Yeah, why not ? And, no I don't think it will have a hard time communicatin' with the other 99.8% that does not speak ASL. All the USA knew about Gally, right ? Gally is a famous college. Many of them are usin' ASL and they supported it as their first language.
And about "Why put CI first before language ?".... you still don't get it... CI allows the child to have a language... Just like ASL.
How is that so ? Care to elborate it ?
Parents that choose for CI for their child, make the choice that the child will grow up with a language. And not a language that is only visual but cannot be written, but a language that can be spoken, written and cued.
If, you believe that.... can you show me a link with a video ? Show me a deaf child with CI and that he/or she can sign, speak and write. I want you to prove it to me. I want to see it with my own eyes.
And - here's the scary part....
Some parents will also use signlanguage with these children...
Scary.... Children with CI that can hear, speak AND sign....
Have you ever thought that possible...????
Now, please... have a look beyond "deafness only"..
In whose judgement is it as good as nothing? Especially in the case of infants, it is impossible to predict how well a child will be able to use that residual hearing until they have reached certain developmental stages,
and that requires chronological advances.
You can have 2 profoundly deaf individuals who test out to the same degree of residual hearing.....one is able to learn to use that residual hearing through HA and develops speech and listening skills.
If you implant a child at the age of six months, you do not know that they will not have benefited from HA and AVT.
Shel has no agenda where CI is concerned, other than the effects it has on the education of deaf children. Simply because she points out the negative effects it has had on some of her students doesn't mean that she has a hidden agenda.
Those who are attempting to portray CI as the miracle cure for deafness are the ones with the agenda.
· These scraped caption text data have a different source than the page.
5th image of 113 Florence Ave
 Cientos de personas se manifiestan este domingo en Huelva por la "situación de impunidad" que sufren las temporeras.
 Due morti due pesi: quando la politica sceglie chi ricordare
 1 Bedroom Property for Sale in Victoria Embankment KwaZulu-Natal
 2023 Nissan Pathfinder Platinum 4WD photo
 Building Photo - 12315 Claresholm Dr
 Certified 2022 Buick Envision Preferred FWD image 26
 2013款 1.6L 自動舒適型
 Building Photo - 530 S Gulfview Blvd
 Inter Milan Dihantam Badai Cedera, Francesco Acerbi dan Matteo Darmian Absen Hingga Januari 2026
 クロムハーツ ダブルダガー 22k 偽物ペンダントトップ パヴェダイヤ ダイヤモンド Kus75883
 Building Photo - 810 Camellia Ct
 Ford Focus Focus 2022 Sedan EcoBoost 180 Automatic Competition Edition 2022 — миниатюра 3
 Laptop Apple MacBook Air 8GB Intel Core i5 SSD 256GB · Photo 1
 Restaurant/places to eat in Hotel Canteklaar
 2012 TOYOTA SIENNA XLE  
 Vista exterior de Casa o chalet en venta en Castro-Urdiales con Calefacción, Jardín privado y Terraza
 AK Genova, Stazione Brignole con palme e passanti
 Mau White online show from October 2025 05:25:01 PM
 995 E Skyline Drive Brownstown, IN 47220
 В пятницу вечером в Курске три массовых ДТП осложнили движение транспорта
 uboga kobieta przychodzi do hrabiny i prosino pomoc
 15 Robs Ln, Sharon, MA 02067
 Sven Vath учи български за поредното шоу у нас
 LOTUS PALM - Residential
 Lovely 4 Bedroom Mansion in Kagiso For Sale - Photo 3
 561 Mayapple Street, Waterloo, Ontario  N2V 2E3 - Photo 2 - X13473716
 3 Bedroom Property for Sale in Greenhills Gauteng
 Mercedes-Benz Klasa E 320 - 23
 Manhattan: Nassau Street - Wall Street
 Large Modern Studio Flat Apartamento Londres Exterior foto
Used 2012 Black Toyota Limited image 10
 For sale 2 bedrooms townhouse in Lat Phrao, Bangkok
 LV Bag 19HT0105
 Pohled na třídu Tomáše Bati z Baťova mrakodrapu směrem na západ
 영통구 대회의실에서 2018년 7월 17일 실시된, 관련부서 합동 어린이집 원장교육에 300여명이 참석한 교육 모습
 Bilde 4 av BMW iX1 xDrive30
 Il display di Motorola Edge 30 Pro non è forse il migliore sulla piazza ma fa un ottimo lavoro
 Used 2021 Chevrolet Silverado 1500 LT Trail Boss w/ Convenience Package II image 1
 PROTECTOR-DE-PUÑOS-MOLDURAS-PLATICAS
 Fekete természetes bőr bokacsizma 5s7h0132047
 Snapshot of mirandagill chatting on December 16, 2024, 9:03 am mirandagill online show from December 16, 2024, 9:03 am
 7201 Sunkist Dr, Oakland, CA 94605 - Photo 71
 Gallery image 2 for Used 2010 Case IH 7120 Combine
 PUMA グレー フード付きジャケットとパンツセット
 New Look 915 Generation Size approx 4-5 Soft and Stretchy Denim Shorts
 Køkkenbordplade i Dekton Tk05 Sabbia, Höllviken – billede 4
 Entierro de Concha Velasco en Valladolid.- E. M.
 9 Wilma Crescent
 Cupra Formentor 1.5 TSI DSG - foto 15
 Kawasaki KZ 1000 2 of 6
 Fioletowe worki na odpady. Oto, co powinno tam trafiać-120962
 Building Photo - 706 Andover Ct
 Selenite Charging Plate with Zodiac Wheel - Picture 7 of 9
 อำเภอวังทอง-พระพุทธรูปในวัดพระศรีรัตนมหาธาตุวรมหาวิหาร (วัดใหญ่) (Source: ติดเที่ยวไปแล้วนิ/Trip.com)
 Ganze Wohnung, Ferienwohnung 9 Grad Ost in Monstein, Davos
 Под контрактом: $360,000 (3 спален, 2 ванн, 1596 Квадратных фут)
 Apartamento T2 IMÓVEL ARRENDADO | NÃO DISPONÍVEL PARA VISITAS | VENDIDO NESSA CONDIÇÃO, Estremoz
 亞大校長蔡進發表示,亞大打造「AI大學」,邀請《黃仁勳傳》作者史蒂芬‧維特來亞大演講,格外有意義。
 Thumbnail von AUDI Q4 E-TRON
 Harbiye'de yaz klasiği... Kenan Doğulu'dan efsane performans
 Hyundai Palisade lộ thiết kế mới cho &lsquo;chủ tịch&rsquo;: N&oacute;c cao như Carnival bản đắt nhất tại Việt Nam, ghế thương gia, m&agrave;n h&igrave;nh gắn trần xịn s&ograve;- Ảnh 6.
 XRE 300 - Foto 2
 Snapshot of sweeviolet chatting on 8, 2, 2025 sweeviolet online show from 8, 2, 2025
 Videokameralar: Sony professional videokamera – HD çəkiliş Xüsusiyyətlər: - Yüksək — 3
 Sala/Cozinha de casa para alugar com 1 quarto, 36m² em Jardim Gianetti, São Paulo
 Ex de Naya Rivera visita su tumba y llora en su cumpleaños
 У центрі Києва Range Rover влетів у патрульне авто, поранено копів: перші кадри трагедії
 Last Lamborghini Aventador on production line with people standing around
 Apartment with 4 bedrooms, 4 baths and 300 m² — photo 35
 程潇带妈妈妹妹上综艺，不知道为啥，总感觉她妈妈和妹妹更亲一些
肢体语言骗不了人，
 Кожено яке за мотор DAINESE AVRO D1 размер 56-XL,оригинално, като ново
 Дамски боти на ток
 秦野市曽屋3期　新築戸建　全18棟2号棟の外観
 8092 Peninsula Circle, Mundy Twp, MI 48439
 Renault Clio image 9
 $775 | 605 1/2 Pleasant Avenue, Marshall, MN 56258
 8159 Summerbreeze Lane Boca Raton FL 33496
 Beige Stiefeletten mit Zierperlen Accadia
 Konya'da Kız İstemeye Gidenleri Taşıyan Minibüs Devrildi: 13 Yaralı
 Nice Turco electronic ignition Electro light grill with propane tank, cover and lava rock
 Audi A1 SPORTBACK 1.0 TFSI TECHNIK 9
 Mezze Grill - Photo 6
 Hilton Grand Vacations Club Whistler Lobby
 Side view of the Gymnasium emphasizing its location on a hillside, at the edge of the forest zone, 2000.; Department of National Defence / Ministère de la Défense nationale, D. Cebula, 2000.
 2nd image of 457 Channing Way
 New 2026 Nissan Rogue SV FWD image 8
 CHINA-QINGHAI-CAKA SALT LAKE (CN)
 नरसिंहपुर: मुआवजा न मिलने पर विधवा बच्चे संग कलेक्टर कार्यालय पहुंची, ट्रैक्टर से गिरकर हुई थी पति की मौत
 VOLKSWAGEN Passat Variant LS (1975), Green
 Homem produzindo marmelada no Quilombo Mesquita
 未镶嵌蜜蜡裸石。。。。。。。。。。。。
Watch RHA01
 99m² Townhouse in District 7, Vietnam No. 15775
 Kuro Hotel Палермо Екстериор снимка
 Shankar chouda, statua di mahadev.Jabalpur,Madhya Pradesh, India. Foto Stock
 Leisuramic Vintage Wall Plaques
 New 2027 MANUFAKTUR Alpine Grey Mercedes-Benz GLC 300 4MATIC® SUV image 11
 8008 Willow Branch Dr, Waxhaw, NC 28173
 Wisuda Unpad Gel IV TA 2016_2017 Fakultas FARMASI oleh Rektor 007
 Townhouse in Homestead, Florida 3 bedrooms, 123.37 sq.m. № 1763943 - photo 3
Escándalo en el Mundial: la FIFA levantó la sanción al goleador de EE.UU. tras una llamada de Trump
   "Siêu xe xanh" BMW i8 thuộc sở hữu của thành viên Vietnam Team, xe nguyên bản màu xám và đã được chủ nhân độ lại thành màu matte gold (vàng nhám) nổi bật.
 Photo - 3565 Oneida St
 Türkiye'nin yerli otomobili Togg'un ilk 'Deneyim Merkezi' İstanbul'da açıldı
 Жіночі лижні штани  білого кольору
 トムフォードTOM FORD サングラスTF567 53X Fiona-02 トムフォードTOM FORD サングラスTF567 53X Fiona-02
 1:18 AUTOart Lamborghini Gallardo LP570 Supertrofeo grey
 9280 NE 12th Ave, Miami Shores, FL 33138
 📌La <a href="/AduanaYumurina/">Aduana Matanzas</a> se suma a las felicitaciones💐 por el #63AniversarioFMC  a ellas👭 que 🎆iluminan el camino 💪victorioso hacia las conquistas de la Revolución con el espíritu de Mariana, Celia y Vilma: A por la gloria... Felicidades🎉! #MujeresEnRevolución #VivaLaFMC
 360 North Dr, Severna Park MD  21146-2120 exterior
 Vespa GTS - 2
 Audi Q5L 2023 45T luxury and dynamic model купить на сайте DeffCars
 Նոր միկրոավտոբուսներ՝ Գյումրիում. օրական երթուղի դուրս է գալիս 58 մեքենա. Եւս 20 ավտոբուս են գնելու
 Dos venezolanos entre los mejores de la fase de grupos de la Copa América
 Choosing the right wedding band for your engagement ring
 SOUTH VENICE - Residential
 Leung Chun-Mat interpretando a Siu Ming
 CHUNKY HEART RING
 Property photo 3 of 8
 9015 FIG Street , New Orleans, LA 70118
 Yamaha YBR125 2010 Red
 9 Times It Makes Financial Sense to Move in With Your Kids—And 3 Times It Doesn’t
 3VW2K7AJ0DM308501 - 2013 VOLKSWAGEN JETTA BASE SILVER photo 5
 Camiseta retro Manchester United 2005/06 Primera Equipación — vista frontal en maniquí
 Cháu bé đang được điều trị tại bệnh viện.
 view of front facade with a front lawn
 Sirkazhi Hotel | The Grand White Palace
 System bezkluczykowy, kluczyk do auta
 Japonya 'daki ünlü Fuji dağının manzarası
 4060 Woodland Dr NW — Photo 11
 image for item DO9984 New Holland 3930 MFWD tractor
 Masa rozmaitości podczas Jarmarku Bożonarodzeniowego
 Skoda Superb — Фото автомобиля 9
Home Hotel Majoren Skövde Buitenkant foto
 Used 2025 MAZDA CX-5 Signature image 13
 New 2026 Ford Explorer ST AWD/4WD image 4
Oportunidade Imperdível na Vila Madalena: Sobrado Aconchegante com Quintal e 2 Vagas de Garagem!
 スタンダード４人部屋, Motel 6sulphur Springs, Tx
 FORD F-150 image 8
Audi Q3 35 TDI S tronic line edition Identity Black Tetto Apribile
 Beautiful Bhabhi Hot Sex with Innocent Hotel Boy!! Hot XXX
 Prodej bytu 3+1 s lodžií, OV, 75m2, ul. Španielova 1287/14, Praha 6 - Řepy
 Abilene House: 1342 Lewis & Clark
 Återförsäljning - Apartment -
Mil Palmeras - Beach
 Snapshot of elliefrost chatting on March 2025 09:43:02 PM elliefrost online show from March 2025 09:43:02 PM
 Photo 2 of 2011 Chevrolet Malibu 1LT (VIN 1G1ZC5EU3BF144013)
more careful than you are, anyway.Not careful enough.
Hearing aids do not provide the same level of benefit to everyone, and the fact that you would even make such a false statement is indication of your total lack of knowledge onthe subject
Obviously, you are not fluent in ASL. And English can be learned at any time, as well. The second part of your statement is based on an oral/audist philosophy.
Actually, I speak. I'm not deaf.
But my son who is deaf communictes with hearing people all the time. If necessary, he will speak. He can also use pen and paper, text pager, or interpreter. Voice is not necessary.
And I will thank you to keep your sarcastic, insulting remarks regarding non-verbal communication to yourself.
Or I see it pointless. anyway, CAN YOU answer?What about it?
I'm assuming that you are unable to answer the question.
Cloggy:And how do you know a deaf child will not hold it against his parents that he did not get the possibility to hear.?
Maria: Because, I know. Look at me, I am deaf and I don't hold it against my parents that I don't get the possibility to hear.
Your own words, Maria.
"Because I know"?? because you know????
I know because look at me - I am deaf, and...
Fuzzy
Maria is tryíng to explain that her deafness doesn´t bother her because she is happy what she is but you?
Simple answer is:
Maria is tryíng to explain that her deafness doesn´t bother her because she is happy what she is but you?
I will be back to make further posts couple of hours later.
Your own words, Maria.
"Because I know"?? because you know????
I know because look at me - I am deaf, and...
Fuzzy
Who is "refusing".??? If our daughters do not feel the need for sign... who are you to force that upon the child - or parent...Yes, cloggy, refusing to allow a child with impaired auditory function access to language through the visual sense to compensate for the impaired auditory sense, even when aided with CI, is linguistically restricting. Do you understand it now?